Hisham Matar’s first novel had huge political resonance in Libya, but both that and his recent second work are personal, human tales at heart, he tells Sophie McBain

‘I DIDN’T SIT down and think, “I want to write a political book that would inspire, that would expose the nature of life under the Gaddafi regime.” That wasn’t my intention at all. In fact, if I could have, I would have avoided it, because it created a great deal of anxiety for me and for lots of people I know,’ Hisham Matar insists.
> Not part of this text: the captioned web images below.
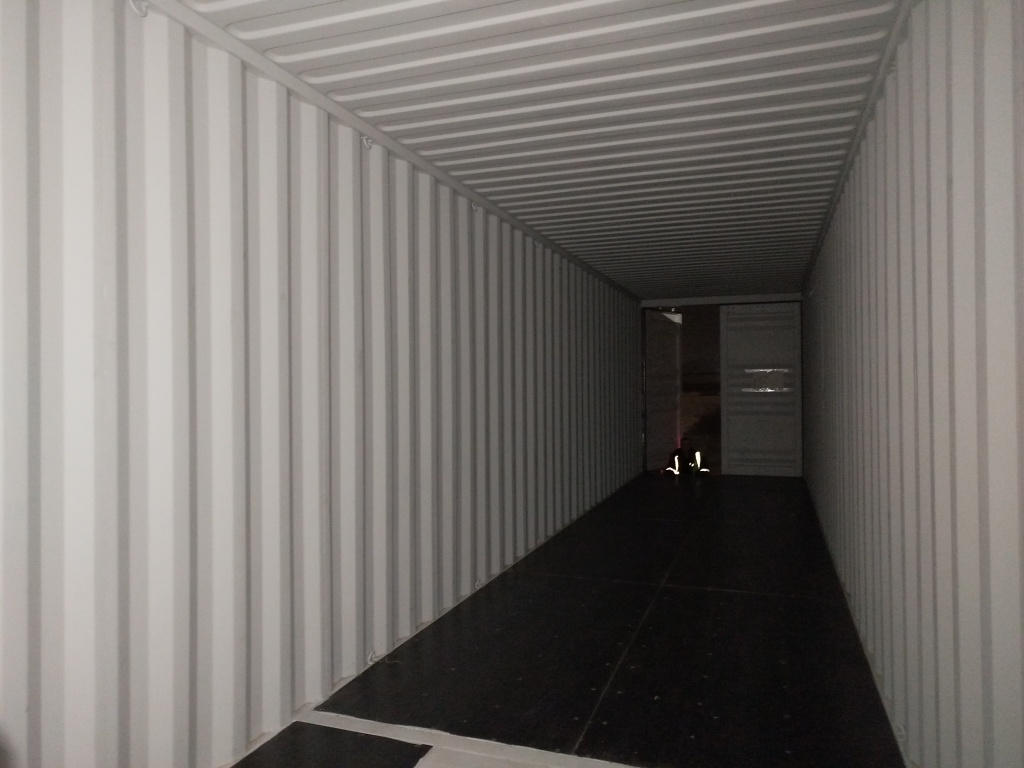 Морской контейнер CICU7237006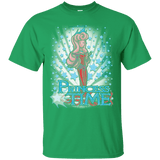 T-Shirts Irish Green / Small Princess Time Aurora T-Shirt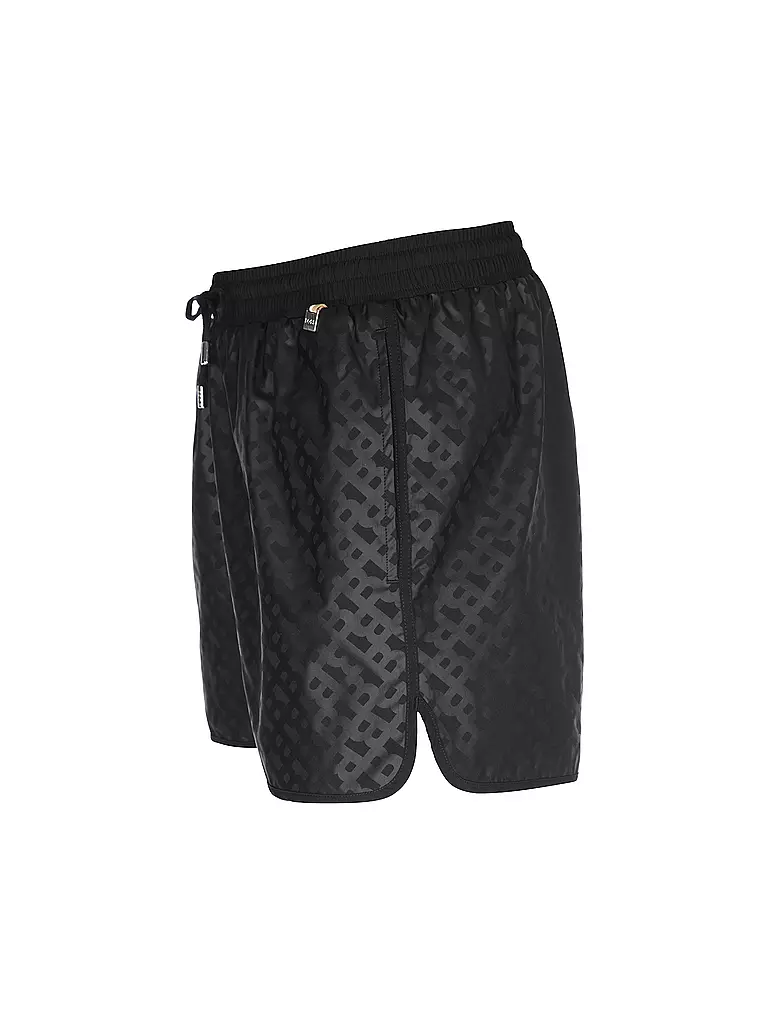 BOSS | Badeshorts MONO  | Noir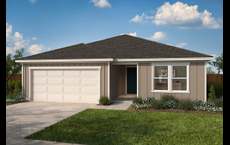 Eden Preserve: Waller, Texas - KB Home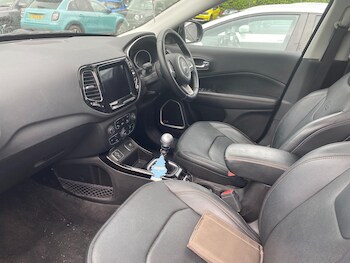 Used Jeep Compass 2018 for sale - 78751580: Photo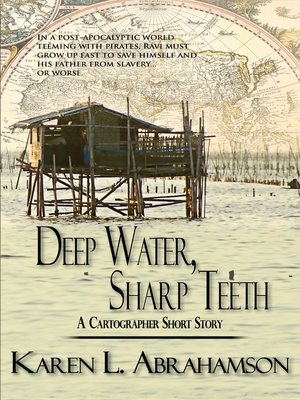 cover image of Deep Water, Sharp Teeth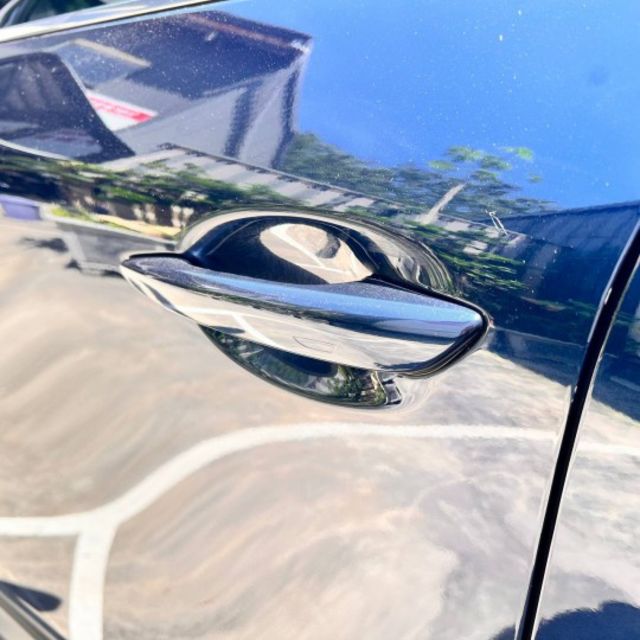 對馬迷來說，CX-30 不只是代步工具，而是一台讓人下車後，還忍不住回頭多看一眼的作品。  第19張相片
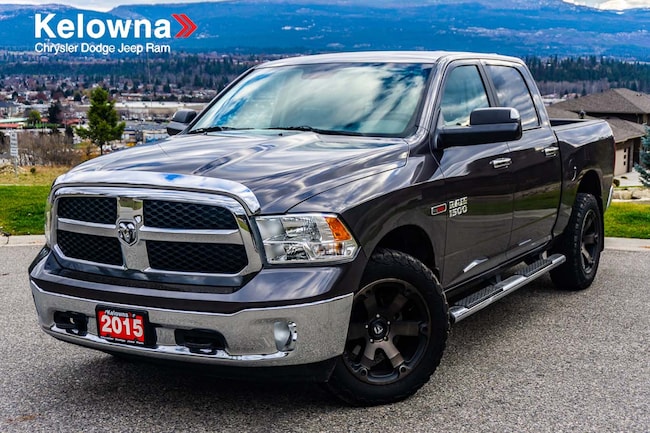 Dodge Ram 1500 Diesel >> Used 2015 Ram 1500 Slt Custom Wheels Low Km S Eco Diesel For Dodge Ram 1500 Diesel >> Used 2015 Ram 1500 Slt Custom Wheels Low Km S Eco Diesel For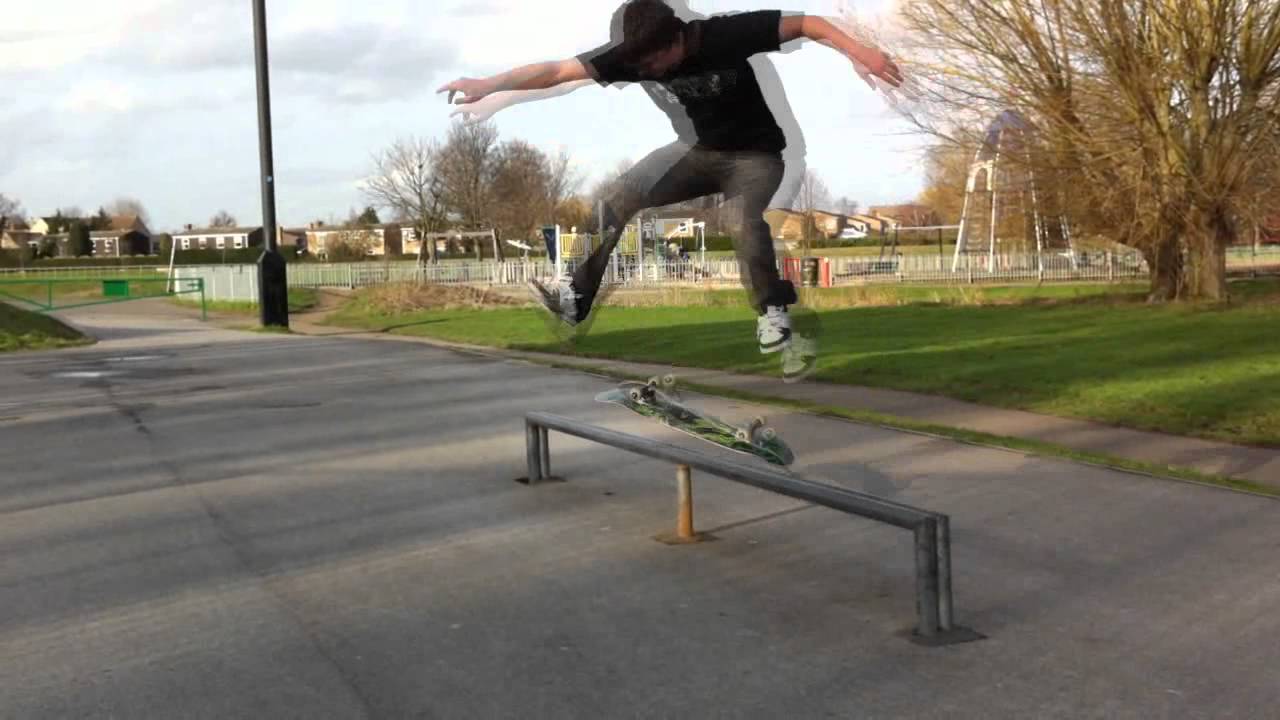 Jason Emery - 2010/11 Video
It is a surprising admission, because his first novel, In the Country of Men, shortlisted for the Man Booker Prize in 2006, did precisely that. At a time when Muammar Gaddafi had successfully painted himself as the ultimate nuclear-bad-guy-turned-good, when Saif al Islam Gaddafi was studiously learning the language of democracy (or possibly paying others to do it for him) at LSE, and when regime strongmen were putting away their army uniforms and donning their best business suits, Matar penned a quietly haunting portrait of the Tripoli of his childhood in the late Seventies: a city of chain-smoking mokhabarat (secret police) and power-hungry telltale neighbours, where schoolchildren watched public hangings on TV, fathers disappeared and returned unrecognisable and teenage brides drowned their dashed hopes with illegal grappa.

In the Country of Men was one of the few books I brought with me when I first arrived in Tripoli in late 2008 and moved into Girgaresh, the same well-heeled suburb described in the novel. My first disorienting days in the city were filtered through Matar’s deliberate, measured prose.

While a lot had changed since the Seventies, an equal amount hadn’t. The secret police still lurked outside houses in shiny new cars and cheap leather jackets, exuding tobacco smoke and violence. Phones were tapped, houses bugged. Sometimes people went missing, more often they lived with a constant, niggling anxiety. And Girgaresh was still known for the ‘butchers that don’t sell meat’ and ‘bakers with no bread’ where Libyans found guilty solace in bocha (date alcohol), for expats the key ingredient for the bojito, the Tripoli party tipple of choice.

I felt a jolt of panic when a Libyan friend of mine spotted In the Country of Men, but he surprised me by grabbing it off the shelf and asking to borrow it. I never saw the book again: it was passed from friend to friend, as they pored over pages describing a chapter in Libyan history of which their parents never dared speak.